MATERIALS PROVIDED:
:::

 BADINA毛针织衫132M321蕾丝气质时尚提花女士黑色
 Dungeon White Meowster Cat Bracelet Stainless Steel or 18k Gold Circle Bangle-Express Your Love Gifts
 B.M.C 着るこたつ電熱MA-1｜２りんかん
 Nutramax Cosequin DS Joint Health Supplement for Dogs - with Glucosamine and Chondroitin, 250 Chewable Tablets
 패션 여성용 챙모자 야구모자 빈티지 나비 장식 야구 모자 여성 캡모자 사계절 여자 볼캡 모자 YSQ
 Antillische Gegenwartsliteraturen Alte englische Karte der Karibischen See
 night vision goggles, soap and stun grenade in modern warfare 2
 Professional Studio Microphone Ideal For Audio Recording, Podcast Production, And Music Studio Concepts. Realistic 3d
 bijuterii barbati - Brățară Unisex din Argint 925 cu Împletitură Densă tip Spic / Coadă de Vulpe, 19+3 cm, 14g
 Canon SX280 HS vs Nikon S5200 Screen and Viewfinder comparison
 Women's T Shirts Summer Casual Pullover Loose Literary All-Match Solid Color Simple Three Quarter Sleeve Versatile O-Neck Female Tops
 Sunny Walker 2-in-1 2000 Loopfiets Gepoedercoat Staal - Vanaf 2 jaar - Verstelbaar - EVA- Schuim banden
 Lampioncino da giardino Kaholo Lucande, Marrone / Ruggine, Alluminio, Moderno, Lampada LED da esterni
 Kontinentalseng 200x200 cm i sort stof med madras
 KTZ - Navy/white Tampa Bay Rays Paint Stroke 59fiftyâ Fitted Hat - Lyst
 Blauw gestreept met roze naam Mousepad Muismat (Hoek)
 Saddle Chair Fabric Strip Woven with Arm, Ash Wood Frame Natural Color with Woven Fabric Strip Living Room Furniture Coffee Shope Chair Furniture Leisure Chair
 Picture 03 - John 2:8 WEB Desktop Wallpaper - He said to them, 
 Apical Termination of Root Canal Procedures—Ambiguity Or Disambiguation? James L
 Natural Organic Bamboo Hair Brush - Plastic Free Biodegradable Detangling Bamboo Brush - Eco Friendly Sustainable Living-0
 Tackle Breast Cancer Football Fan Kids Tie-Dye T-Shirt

:::

WHAT THIS TASK INVOLVES: Scan the listing for "Color" and copy out each line that has it.

TASK SOLUTION:
 Women's T Shirts Summer Casual Pullover Loose Literary All-Match Solid Color Simple Three Quarter Sleeve Versatile O-Neck Female Tops
 Saddle Chair Fabric Strip Woven with Arm, Ash Wood Frame Natural Color with Woven Fabric Strip Living Room Furniture Coffee Shope Chair Furniture Leisure Chair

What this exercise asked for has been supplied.